More often than not, undergraduate students are exposed to research as technicians, either in the field or in the lab, and they are present for the data collection and, possibly, data analysis stages in a project, Harkins says. However, as part of the “Wildlife Ecology and Management” class, the students get to walk through the initial project design; set up traps and collect data in the field; analyze the data and interpret the results.
“While they don't get to design the project's methods, they develop an understanding of ‘why’ and ‘how’ we set up the design, and they can follow the project all the way through and see how each capture and value measured in the field adds up to results of the study,” Harkins says. “I can't think of any other opportunity for undergraduates to have this level of involvement within an entire research project at a classroom level.”
Instead of just listening to Ben-David talk about how to set up a trapping grid, conduct mark recapture analyses, estimate home ranges, use radio telemetry, develop a research question, collect good field data, sample vegetation, and use all of that information to answer the research question, students are actually able to participate firsthand, says Brittany Wagler, a senior from Wapiti, majoring in wildlife biology and management.
“We hear a lecture about the methods, and then apply them directly to our class project. There is no better way to learn the methods,” says Wagler, vice president of the UW student chapter of the Wildlife Society. “This is an amazing opportunity and extremely beneficial, especially for those who haven't had any field experience. Students are now able to say they have three to approximately 70 hours of trapping and telemetry experience, which is super beneficial for getting a wildlife job. This project has turned into an awesome long-term data set.
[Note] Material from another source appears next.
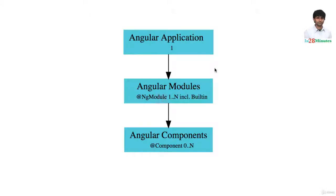Welcome back. Before moving any further, let's review all the concepts that we have learned during the last few steps. Angular applications are built using a number of Angular modules.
Nobody else wants to study chipmunks, so it's even more valuable than the benefit to us students.”
Jace Cussins, president of the UW student chapter of the Wildlife Society, has similar sentiments.
“The chipmunk project has helped me learn valuable skills for being a wildlife manager. It is unlike any other class I have been in, because it provides multiple opportunities for on-the-ground, in-the-field research,” says Cussins, a senior from Cheyenne, who is double majoring in wildlife and fisheries biology and management, and environment and natural resources. “In addition, as a class, we were able to discuss what we wanted to investigate from the data we collected. I really look forward to analyzing the data and looking at the results.”
Over the years, this chipmunk experience has helped Ben-David’s students decide to enroll in graduate school and continue honing their research skills. And, it keeps them asking questions.
“Surprisingly, the students’ knowledge goes up, but their confidence in the knowledge goes down,” Ben-David says of the chipmunk research experience. “They read the textbook, and they think they know much. Then, when they go out into the field, they learn that ecology is not as clear-cut, and our knowledge has limits.”